- _AIM OF THE TASK_
For each line in the data below that holds "viewer", return a copy.

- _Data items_
----
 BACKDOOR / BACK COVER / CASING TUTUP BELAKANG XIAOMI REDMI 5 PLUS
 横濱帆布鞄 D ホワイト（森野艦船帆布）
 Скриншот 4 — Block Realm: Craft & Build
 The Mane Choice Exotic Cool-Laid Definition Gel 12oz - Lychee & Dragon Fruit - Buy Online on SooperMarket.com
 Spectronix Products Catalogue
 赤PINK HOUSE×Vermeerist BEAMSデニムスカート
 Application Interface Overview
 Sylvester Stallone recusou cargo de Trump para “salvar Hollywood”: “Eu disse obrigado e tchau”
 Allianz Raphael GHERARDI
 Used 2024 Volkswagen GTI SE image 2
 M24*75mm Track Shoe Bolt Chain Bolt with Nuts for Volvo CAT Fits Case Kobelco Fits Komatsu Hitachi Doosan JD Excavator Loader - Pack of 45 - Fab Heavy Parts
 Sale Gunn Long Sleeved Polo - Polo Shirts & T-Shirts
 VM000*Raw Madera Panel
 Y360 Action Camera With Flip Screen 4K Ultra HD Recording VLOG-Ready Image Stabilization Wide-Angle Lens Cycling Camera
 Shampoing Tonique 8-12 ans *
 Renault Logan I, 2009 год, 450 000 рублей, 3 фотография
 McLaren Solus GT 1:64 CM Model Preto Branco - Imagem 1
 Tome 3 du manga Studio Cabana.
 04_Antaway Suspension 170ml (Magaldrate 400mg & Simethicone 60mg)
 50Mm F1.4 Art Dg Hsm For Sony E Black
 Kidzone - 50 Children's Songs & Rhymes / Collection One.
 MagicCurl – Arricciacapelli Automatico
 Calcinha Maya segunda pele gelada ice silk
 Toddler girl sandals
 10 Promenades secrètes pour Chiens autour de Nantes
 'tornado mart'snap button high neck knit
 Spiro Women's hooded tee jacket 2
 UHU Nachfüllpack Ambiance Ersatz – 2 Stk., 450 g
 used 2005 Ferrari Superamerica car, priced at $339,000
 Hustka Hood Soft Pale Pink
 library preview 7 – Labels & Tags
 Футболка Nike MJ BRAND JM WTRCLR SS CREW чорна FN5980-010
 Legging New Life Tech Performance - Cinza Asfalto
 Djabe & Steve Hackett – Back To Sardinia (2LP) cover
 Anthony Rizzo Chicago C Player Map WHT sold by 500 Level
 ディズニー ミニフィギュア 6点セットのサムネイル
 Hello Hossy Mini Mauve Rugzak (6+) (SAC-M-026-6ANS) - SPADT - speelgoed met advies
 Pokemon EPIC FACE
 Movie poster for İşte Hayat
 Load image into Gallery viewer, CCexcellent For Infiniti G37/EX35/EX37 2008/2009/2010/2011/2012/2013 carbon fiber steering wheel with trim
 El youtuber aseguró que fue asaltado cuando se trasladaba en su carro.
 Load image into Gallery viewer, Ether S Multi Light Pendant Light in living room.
----
- _SOLUTION FOR THIS PROBLEM_
 Load image into Gallery viewer, CCexcellent For Infiniti G37/EX35/EX37 2008/2009/2010/2011/2012/2013 carbon fiber steering wheel with trim
 Load image into Gallery viewer, Ether S Multi Light Pendant Light in living room.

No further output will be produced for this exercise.